Crime Beyond Punishment: Authorities in Florida suspect that an arsonist destroyed one of the oldest cypress trees in the world. The 3,500-year-old tree, known locally as “The Big Tree,” went up in flames early Monday morning, Sometimes I'm not overly proud to be human.

3 comments:

mistah charley, ph.d. said...

the story you cite mentions iPhones - but are there cellular phones which are made under substantially better conditions? seriously, i'd like to know, as it looks like i'm going to have to get a new one

Charles Kingsley Michaelson, III said...

I doubt there are any electronics of any sort that"are made under substantially better conditions". Or much of anything else.

ckm

I'm Not POTUS said...

An older Nokia phone, was for the most part built in Europe, by adults in safe, efficient factories who were paid high wages and enjoyed good benefits.
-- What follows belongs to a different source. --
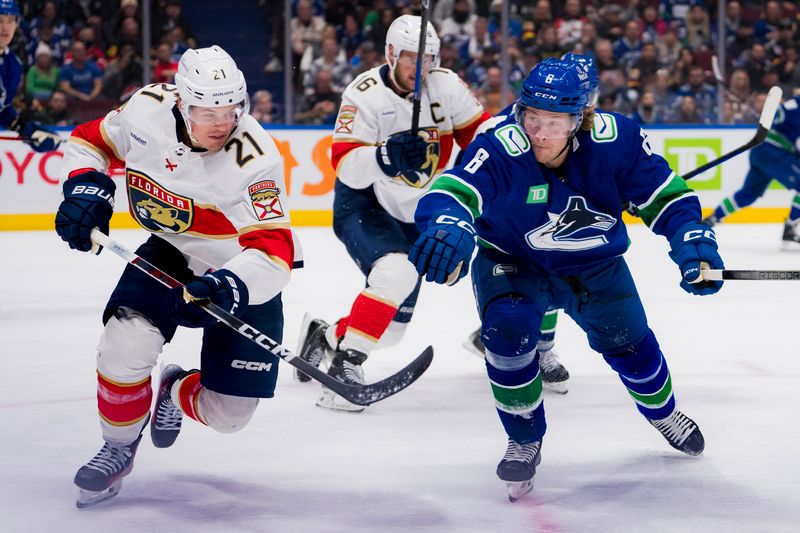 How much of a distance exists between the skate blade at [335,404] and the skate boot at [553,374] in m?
0.62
But they did that by borrowing heavily against the future earnings of their 13 year old children and the children of these 13 year olds'.

These kids will never enjoy the luxury lifestyle of their predecessors. But that is for another day to worry about.

So you can feel good about using an old Nokia if you think abusing children not yet born is any better than abusing a child now to get a modern smartphone.

You can't have an acceptable answer to your question until such time as the cost shifting arbitrage that masquerades as global commerce is replaced with an equitable system where pure honest math decides this is equal to that at every point of longitude and latitude.